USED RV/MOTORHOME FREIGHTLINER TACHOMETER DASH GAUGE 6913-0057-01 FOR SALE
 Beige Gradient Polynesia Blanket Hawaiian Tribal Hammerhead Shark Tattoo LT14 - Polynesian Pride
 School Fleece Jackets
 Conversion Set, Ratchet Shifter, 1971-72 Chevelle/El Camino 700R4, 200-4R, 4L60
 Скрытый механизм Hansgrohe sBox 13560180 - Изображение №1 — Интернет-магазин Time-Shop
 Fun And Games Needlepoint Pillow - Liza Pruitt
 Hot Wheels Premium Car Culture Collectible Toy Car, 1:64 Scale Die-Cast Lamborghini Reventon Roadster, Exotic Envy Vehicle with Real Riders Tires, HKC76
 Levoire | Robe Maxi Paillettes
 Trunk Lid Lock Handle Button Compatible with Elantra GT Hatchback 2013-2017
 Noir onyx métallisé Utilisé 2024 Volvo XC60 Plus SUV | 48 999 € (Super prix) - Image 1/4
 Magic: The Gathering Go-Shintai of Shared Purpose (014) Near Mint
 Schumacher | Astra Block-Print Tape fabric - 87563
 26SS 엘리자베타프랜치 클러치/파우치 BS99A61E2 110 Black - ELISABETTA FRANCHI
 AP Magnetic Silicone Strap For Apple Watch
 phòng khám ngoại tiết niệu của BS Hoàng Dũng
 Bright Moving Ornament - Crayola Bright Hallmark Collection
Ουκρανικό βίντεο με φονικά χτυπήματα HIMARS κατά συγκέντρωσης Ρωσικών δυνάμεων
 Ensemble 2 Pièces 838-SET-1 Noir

§

## INSTRUCTIONS FOR THE TASK:
Your answer should be a single number, which is the count of lines in the data above that include the word "Noir".

## EXPECTED ANSWER:
2